L'an dernier, quarante-deux sociétés pétrolières et gazières ont déposé un dossier de mise en faillite en Amérique du Nord; depuis que les prix du pétrole ont chuté en 2015, il y a eu 208 dépôts de bilan par les producteurs, impliquant environ 122 milliards de dollars de dette globale, selon le cabinet d'avocats Haynes and Boone.

Les prix du pétrole ont chuté malgré la perte de jusqu'à un million de barils par jour d'exportations libyennes en raison des troubles politiques qui s'y sont déroulés. Une réunion convoquée à la hâte de l'Organisation des pays exportateurs de pétrole et de la Russie, prélude possible à une baisse de la production, a contribué à endiguer la baisse des prix, peut-être seulement temporairement.

Les compagnies pétrolières américaines avaient déjà resserré leurs budgets l'année dernière, avec environ 14 000 des 750 000 employés aux États-Unis ayant perdu leur emploi. Au cours de la semaine dernière, Exxon Mobil, ConocoPhillips et Chevron ont annoncé des résultats décevants en raison des bas prix du pétrole et du gaz et des marges bénéficiaires étroites.

Un effondrement prolongé des prix entre 2014 et 2017 a contraint les sociétés pétrolières et gazières américaines à licencier plus de 160 000 travailleurs, et environ 100 000 au Texas seulement.

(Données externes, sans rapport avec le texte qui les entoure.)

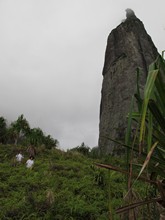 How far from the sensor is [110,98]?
32.7m

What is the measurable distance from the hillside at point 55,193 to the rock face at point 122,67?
12.1 m

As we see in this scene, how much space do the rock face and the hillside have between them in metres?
12.1

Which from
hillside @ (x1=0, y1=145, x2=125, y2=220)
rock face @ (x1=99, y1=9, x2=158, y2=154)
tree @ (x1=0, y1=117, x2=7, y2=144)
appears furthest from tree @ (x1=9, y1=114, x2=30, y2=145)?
hillside @ (x1=0, y1=145, x2=125, y2=220)

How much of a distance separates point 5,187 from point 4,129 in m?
24.2

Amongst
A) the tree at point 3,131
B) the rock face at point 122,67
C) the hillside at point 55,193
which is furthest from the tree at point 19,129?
the hillside at point 55,193

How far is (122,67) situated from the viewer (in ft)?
110

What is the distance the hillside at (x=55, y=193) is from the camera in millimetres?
8688

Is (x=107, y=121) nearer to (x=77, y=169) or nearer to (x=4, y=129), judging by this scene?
(x=4, y=129)

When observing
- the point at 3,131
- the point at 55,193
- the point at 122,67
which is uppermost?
the point at 122,67

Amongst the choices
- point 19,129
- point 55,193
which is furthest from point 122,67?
point 55,193

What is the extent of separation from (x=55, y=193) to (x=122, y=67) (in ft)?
79.7

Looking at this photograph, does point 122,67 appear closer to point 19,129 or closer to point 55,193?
point 19,129

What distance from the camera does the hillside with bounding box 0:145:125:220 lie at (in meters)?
8.69

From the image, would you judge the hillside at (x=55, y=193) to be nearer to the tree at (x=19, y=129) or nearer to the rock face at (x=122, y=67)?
the rock face at (x=122, y=67) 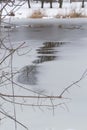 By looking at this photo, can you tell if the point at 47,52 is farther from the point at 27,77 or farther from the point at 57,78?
the point at 57,78

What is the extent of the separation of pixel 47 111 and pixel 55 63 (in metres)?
5.65

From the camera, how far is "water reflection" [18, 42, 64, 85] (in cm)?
988

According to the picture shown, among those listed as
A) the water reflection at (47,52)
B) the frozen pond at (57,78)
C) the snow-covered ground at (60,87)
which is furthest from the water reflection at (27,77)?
the water reflection at (47,52)

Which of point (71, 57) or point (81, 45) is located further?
point (81, 45)

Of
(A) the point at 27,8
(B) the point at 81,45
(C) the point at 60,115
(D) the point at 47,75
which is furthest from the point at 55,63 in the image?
(A) the point at 27,8

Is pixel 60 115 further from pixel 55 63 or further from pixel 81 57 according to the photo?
pixel 81 57

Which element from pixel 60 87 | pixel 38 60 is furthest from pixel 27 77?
pixel 38 60

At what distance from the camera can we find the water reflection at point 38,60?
9.88 meters

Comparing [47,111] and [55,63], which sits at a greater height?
[47,111]

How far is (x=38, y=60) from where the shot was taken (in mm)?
13344

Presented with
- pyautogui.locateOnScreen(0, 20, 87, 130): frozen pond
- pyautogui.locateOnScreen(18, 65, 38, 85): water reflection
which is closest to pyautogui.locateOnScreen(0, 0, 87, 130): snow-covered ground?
pyautogui.locateOnScreen(0, 20, 87, 130): frozen pond

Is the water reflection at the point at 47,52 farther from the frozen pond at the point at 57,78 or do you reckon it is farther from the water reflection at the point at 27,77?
the water reflection at the point at 27,77

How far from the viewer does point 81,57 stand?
523 inches

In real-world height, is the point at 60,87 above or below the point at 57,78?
above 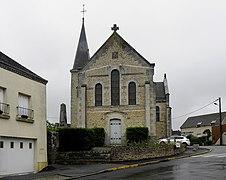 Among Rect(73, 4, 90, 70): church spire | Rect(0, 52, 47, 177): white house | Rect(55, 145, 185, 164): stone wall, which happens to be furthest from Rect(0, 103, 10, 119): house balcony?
Rect(73, 4, 90, 70): church spire

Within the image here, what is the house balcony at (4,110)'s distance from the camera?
17.8 meters

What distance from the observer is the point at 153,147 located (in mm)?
28719

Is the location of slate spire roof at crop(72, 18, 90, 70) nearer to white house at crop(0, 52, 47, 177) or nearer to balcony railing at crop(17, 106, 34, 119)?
white house at crop(0, 52, 47, 177)

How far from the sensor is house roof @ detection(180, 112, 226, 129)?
81.9m

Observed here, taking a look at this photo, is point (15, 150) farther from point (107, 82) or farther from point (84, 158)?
point (107, 82)

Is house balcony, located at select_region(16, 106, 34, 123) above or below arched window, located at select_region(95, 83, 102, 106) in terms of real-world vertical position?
below

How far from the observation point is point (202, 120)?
85.7 metres

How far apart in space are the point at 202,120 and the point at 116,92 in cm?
5019

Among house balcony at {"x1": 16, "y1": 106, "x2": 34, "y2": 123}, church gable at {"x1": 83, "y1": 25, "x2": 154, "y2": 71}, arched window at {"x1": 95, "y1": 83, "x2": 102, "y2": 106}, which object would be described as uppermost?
church gable at {"x1": 83, "y1": 25, "x2": 154, "y2": 71}

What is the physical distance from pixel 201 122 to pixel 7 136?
233 feet

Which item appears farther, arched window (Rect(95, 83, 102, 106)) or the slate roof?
the slate roof

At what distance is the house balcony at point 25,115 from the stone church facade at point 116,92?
18967mm

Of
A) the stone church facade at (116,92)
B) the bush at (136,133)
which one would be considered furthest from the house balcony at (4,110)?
the stone church facade at (116,92)

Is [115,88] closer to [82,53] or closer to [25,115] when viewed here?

S&P Global Platts, la société d'analyse énergétique, a déclaré que le virus pourrait réduire la demande mondiale de pétrole de 4%, soit 4,1 millions de barils par jour, en février. Pour l'année entière, l'entreprise prévoit une baisse quotidienne moyenne de la demande mondiale de 290 000 à un million de barils.

"Il y a encore trop d'incertitude sur la propagation du virus et ses conséquences sur l'économie", a déclaré Claudio Galimberti, responsable de la demande et du raffinage analytique chez S&P Global Platts.